The symphony on the bill, Felix Mendelssohn’s No. 5 in D major, “Reformation,” transports us to Germany and throws the program headlong into the complex and beautiful reception of Protestant liturgical music among the Romantic composers. Mendelssohn, a Jew who nevertheless accepted this commission to celebrate the anniversary of Martin Luther’s Augsburg Confession, made something monumental and lasting out of his distanced appreciation of the “Dresden amen,” and Luther’s own setting of “A Mighty Fortress Is Our God.” It’s a big, ambitious symphony full of counterpoint and references to earlier styles of music.

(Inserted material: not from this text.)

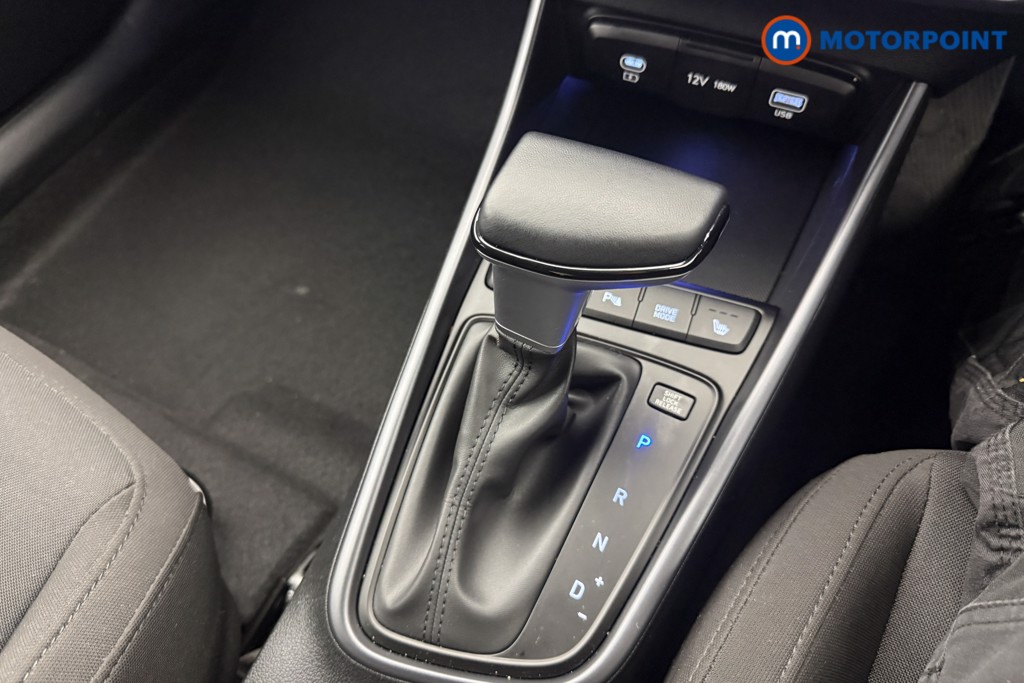 Hyundai I20 Premium Automatic Petrol Hatchback - Stock Number (1621300) - 5th supplementary image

The furthest point reached in this musical journey will be Soviet Russia, where Shostakovich composed his Concerto for Piano, Trumpet and Orchestra. “As someone coming from the same country and the same musical tradition as Shostakovich, I can relate to the great energy of the piece and how full it is of contrasts,” said Kislenko. “There’s a haunting, slow movement that’s very beautiful, and then there’s a rhythmical section that sounds almost sarcastic. You could imagine it as the soundtrack for a cartoon at times. In the end the whole thing is quite moving, although it’s not as full of pain as some of his later works.”